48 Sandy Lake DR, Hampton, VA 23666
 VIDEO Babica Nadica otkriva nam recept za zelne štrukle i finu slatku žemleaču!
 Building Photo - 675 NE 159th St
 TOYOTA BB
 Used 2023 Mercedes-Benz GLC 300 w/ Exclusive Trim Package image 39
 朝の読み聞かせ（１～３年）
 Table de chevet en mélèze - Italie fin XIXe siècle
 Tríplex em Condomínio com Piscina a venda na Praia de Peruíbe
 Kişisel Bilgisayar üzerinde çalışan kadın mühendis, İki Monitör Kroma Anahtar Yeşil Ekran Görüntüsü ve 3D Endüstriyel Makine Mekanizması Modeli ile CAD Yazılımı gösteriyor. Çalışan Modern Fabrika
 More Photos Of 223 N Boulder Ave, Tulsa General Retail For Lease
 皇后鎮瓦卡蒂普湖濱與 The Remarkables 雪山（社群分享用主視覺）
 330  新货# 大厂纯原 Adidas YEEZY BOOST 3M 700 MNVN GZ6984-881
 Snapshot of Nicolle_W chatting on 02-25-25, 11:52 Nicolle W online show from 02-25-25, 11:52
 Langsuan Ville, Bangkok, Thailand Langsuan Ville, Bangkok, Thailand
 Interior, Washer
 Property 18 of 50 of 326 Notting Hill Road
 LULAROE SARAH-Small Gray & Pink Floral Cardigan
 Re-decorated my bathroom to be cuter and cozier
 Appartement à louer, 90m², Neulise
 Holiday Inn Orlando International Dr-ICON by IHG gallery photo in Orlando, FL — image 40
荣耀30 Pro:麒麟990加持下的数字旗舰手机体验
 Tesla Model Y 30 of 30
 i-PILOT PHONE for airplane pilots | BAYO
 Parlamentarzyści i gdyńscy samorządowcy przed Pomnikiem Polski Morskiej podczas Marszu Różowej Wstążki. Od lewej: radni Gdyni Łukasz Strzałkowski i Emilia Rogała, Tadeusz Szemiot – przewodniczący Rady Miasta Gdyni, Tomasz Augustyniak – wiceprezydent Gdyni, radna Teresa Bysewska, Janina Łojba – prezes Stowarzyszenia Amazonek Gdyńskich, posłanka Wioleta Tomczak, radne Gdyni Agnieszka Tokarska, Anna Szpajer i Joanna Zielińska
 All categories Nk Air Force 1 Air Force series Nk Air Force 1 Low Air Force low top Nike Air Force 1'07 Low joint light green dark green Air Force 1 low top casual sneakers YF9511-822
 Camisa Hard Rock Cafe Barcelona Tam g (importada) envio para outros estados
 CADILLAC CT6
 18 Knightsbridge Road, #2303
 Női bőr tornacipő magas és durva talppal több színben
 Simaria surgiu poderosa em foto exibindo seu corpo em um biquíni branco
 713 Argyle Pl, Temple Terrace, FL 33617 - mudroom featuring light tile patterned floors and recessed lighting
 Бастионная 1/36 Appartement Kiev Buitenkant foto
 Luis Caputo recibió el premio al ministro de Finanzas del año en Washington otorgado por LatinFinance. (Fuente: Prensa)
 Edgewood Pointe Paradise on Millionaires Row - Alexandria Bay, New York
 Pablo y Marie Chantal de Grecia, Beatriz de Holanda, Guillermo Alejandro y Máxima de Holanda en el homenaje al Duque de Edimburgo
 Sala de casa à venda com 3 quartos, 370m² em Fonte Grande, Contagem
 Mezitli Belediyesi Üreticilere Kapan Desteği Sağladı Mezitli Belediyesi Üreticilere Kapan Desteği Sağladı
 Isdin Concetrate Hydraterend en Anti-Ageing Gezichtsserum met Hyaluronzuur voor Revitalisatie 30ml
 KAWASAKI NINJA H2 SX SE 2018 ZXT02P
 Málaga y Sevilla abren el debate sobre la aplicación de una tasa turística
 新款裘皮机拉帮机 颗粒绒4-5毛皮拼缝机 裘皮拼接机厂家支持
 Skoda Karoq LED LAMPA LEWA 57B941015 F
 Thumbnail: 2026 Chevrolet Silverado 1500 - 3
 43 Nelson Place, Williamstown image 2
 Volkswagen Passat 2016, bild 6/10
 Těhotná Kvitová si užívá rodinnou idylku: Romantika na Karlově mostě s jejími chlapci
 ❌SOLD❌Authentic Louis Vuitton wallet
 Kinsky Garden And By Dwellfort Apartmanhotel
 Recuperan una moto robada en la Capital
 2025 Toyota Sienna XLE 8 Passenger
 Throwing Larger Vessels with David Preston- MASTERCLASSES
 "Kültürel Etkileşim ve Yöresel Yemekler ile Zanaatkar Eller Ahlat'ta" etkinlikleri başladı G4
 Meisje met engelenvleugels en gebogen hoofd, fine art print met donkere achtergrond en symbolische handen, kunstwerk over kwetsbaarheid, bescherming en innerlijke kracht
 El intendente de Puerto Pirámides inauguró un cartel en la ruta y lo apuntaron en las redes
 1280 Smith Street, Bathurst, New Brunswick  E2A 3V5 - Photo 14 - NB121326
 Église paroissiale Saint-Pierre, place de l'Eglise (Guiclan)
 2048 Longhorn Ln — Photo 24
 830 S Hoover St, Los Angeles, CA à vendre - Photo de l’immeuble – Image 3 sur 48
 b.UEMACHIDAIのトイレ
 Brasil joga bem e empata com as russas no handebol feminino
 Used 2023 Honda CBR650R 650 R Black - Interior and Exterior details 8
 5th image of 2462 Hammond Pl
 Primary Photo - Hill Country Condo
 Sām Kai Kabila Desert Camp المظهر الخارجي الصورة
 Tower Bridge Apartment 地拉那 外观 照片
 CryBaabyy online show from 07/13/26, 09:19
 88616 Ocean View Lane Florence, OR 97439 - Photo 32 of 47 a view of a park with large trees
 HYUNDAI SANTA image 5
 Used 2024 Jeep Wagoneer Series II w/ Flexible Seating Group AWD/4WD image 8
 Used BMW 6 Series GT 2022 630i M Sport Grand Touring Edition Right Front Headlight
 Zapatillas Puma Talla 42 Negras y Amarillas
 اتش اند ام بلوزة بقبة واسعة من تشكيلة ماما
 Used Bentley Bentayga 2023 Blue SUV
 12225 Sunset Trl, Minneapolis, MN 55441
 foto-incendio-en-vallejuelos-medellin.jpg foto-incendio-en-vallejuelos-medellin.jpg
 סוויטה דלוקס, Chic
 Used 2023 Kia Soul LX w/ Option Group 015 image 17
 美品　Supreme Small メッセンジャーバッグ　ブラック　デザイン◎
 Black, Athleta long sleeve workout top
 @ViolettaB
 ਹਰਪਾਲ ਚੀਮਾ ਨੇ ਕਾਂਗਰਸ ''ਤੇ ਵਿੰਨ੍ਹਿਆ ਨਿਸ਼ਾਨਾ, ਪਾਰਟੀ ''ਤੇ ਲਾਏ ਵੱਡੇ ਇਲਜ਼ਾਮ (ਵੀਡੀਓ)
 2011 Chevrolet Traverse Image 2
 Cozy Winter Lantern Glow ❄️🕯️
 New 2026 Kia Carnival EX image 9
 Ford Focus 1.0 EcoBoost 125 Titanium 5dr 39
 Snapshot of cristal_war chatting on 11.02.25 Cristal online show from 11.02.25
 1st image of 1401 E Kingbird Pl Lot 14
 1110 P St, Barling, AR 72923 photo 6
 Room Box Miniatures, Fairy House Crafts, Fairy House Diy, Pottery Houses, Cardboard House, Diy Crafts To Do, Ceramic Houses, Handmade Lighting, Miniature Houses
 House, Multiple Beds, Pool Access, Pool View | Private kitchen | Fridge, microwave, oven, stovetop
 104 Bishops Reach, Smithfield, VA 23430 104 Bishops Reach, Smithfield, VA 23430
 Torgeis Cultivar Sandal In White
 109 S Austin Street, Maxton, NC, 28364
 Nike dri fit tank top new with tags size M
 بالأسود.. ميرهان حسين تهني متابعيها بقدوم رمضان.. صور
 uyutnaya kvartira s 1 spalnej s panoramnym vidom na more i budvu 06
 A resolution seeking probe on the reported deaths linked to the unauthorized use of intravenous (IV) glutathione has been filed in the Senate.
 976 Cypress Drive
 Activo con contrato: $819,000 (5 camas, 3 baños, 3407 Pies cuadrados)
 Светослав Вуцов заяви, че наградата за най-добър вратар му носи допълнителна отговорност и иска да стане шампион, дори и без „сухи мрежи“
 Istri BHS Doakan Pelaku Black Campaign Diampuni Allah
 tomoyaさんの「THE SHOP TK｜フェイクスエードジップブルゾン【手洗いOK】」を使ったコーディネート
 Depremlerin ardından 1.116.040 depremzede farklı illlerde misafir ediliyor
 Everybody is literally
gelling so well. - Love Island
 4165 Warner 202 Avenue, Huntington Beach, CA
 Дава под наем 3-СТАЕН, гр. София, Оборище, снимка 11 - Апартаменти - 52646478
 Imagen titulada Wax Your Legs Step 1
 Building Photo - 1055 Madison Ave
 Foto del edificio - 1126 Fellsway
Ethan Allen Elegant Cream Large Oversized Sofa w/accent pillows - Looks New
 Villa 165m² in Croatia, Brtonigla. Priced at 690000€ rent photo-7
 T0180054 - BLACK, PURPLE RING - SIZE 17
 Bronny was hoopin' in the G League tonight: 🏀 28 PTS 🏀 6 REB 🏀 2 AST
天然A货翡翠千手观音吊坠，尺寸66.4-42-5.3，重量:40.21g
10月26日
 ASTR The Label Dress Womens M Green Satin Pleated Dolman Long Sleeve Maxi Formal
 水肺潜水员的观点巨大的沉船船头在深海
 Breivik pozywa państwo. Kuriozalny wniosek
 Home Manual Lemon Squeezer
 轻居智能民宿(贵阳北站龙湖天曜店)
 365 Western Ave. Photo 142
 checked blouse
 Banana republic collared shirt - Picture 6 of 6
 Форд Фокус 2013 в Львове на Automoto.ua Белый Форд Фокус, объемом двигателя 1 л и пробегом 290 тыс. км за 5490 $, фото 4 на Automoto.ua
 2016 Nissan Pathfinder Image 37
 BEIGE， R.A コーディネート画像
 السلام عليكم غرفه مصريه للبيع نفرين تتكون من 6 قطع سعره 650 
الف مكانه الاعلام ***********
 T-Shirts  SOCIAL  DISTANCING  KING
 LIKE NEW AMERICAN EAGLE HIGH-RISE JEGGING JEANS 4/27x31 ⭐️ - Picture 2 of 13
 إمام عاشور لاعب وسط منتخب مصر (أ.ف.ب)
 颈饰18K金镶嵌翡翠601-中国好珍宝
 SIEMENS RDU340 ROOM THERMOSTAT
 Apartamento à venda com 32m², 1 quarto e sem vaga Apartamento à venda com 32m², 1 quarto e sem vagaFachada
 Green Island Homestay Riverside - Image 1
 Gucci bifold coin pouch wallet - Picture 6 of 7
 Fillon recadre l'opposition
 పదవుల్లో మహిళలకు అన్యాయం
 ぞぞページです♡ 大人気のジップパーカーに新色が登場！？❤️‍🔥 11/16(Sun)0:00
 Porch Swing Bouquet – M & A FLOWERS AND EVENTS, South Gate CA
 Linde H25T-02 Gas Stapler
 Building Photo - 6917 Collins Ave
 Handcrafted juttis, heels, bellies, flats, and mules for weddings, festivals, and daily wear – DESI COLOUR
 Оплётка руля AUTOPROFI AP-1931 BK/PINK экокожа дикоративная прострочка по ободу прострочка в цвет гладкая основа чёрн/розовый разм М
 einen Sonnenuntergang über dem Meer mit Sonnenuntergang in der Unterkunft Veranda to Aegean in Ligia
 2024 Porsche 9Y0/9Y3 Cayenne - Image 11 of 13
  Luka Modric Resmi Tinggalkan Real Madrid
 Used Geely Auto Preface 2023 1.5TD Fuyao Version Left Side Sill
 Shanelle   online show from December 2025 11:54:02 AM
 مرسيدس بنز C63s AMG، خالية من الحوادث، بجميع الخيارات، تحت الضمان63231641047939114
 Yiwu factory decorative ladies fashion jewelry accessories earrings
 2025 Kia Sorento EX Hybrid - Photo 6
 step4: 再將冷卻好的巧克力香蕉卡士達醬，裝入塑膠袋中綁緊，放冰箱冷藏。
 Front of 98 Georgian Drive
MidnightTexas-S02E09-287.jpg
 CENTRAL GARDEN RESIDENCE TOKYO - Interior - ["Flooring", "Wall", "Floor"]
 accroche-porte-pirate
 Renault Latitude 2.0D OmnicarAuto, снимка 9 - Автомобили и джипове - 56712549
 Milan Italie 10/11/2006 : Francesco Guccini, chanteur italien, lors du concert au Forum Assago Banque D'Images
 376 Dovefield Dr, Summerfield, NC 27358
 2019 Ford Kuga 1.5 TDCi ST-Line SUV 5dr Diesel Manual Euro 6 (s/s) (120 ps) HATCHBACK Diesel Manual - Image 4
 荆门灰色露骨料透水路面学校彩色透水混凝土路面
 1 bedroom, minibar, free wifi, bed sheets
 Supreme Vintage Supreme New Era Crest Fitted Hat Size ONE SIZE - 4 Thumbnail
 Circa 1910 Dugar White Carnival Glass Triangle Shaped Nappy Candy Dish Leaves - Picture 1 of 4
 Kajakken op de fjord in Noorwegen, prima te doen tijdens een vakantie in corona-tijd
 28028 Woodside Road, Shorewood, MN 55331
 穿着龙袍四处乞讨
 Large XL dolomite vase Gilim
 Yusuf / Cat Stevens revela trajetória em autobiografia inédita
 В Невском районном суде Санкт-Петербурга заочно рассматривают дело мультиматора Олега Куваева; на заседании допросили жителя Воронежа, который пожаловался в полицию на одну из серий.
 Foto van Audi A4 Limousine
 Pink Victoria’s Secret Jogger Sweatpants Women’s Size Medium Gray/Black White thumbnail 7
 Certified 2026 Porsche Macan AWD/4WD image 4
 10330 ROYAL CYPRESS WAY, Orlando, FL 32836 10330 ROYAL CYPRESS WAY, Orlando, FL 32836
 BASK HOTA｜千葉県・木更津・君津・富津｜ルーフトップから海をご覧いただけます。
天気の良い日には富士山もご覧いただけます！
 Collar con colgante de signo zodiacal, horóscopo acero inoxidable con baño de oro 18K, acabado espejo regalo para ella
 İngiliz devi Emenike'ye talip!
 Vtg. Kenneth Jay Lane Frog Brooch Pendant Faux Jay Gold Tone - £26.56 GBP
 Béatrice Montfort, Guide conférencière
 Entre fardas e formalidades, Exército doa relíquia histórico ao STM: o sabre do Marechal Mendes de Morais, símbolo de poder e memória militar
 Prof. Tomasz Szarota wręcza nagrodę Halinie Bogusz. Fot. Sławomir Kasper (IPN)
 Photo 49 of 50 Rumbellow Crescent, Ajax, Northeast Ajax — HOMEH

+ + + +

Work to complete. Look above for the line holding "Used 2023 Honda" and the line holding "HYUNDAI SANTA image 5". Retype both, and every line between them, word for word and nothing else.

Written answer.
 Used 2023 Honda CBR650R 650 R Black - Interior and Exterior details 8
 5th image of 2462 Hammond Pl
 Primary Photo - Hill Country Condo
 Sām Kai Kabila Desert Camp المظهر الخارجي الصورة
 Tower Bridge Apartment 地拉那 外观 照片
 CryBaabyy online show from 07/13/26, 09:19
 88616 Ocean View Lane Florence, OR 97439 - Photo 32 of 47 a view of a park with large trees
 HYUNDAI SANTA image 5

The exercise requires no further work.